Extracted data.
________________________
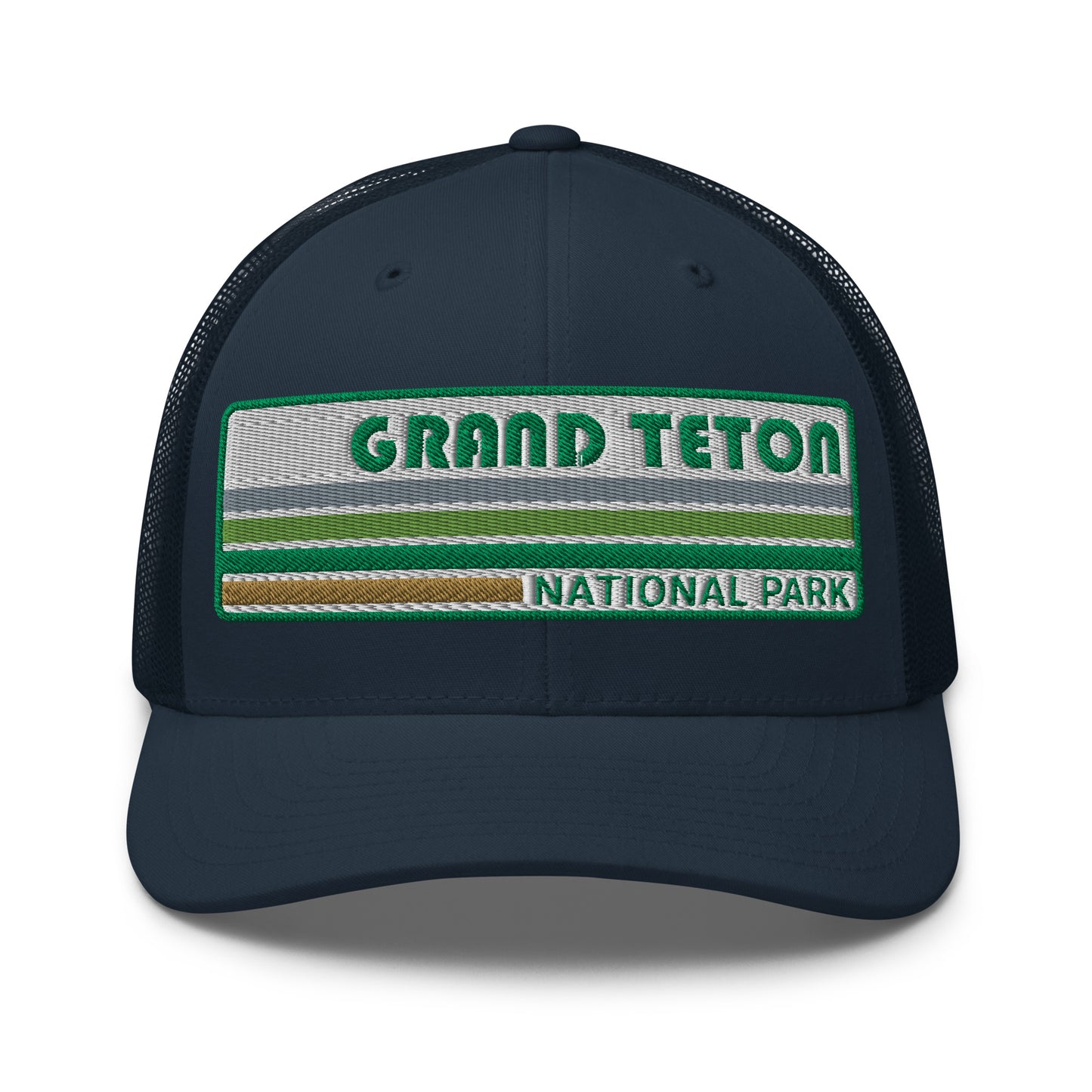 Grand Teton Hat with Retro 70's Style embroidered national park logo. Grand Teton National Park in Green on a navy Yupoong 6606 Trucker Hat front side view.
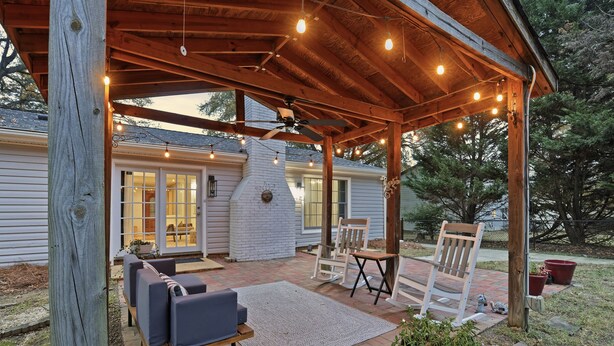 A covered patio with wooden furniture, string lights, and a brick floor. - Shadowlake 4BR House (Charlotte)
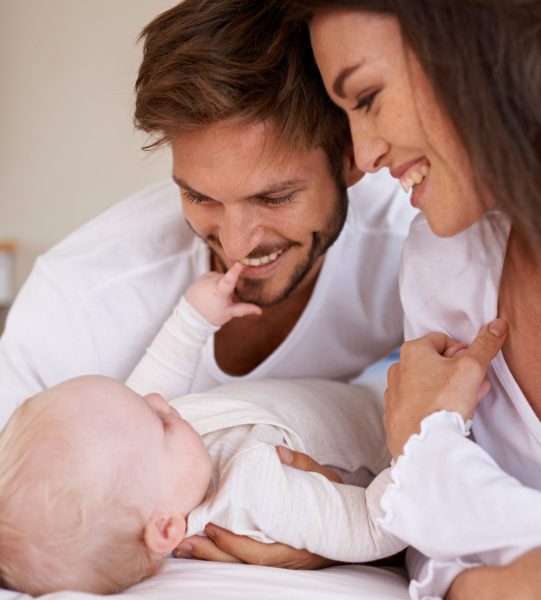 Happy father, mother and baby on bed for love, care and quality time together. Parents, newborn kid and relax in bedroom of family home with smile, childhood development and caring support of bonding.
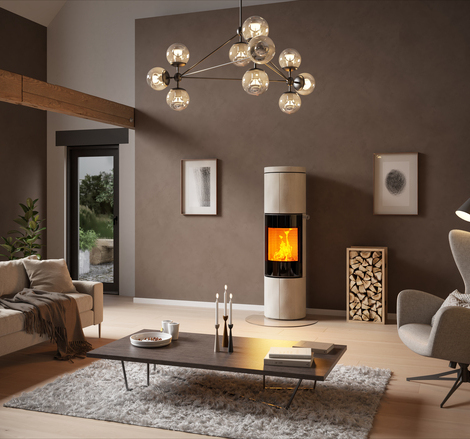 Holz-Kaminofen JUNO 166 L in Naturstein "Porto" und Vollglas-Feuerraumtür in grossem Wohnzimmer in Erdfarben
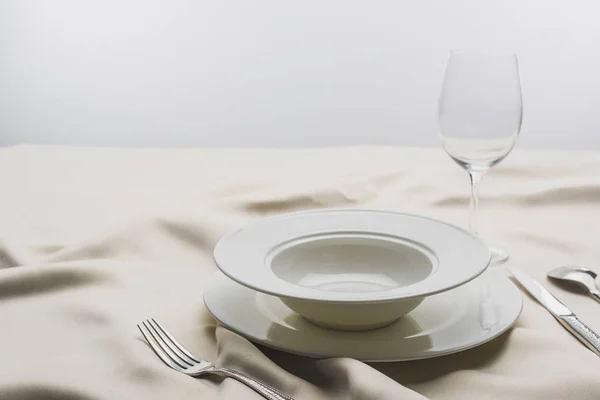 Selective focus of plates and wine glass on tablecloth on grey background — Stock Photo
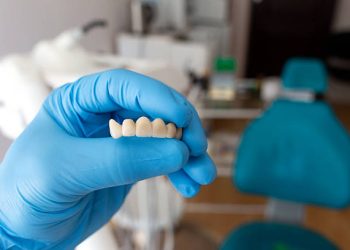 Dental Bridge 7 The dentist holds a ceramic, zirconium, bridge-shaped, non-removable dental prosthesis in his hand. Dental bridge.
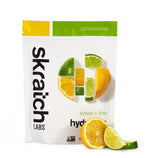 A package of Skratch Labs Sport Hydration Drink Mix 440g in lemon and lime flavor is displayed upright, highlighting its low sugar content and vital electrolytes, accompanied by a sliced orange and lime.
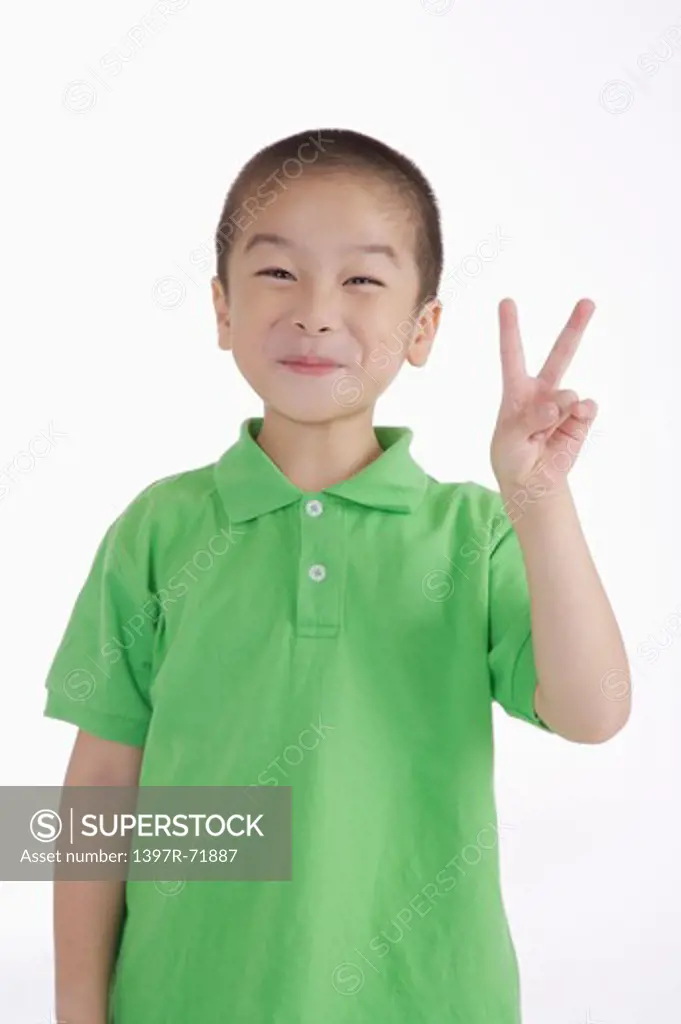 Boy looking away and smiling with two fingers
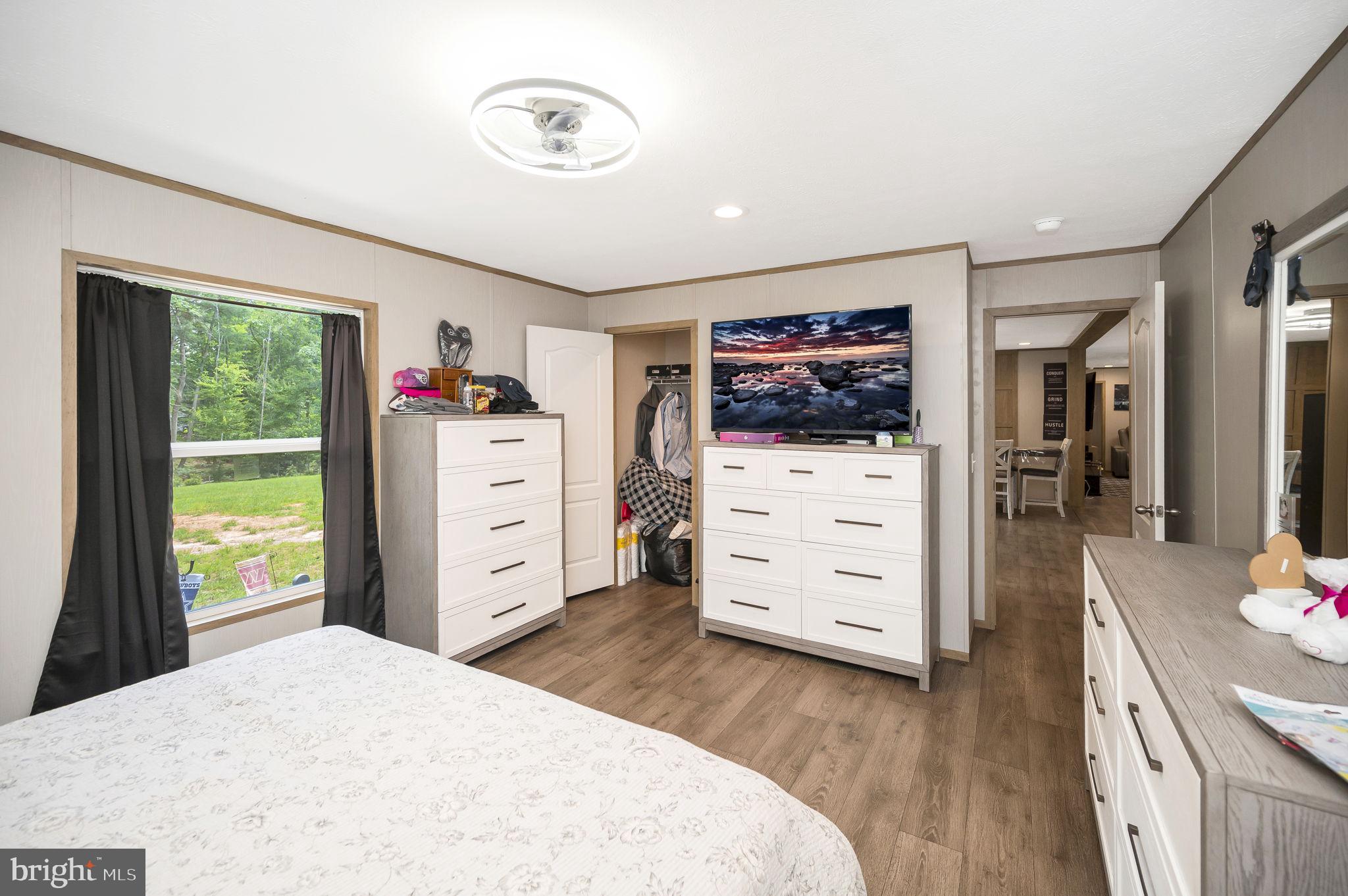23066 Independence Road Unionville, VA 22567 - Photo 22 of 39 a bedroom with a bed and furniture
________________________
Exercise objective.
Using the data above, print every line exactly, omitting pictures.

Task answer.
 Grand Teton Hat with Retro 70's Style embroidered national park logo. Grand Teton National Park in Green on a navy Yupoong 6606 Trucker Hat front side view.
 A covered patio with wooden furniture, string lights, and a brick floor. - Shadowlake 4BR House (Charlotte)
 Happy father, mother and baby on bed for love, care and quality time together. Parents, newborn kid and relax in bedroom of family home with smile, childhood development and caring support of bonding.
 Holz-Kaminofen JUNO 166 L in Naturstein "Porto" und Vollglas-Feuerraumtür in grossem Wohnzimmer in Erdfarben
 Selective focus of plates and wine glass on tablecloth on grey background — Stock Photo
 Dental Bridge 7 The dentist holds a ceramic, zirconium, bridge-shaped, non-removable dental prosthesis in his hand. Dental bridge.
 A package of Skratch Labs Sport Hydration Drink Mix 440g in lemon and lime flavor is displayed upright, highlighting its low sugar content and vital electrolytes, accompanied by a sliced orange and lime.
 Boy looking away and smiling with two fingers
23066 Independence Road Unionville, VA 22567 - Photo 22 of 39 a bedroom with a bed and furniture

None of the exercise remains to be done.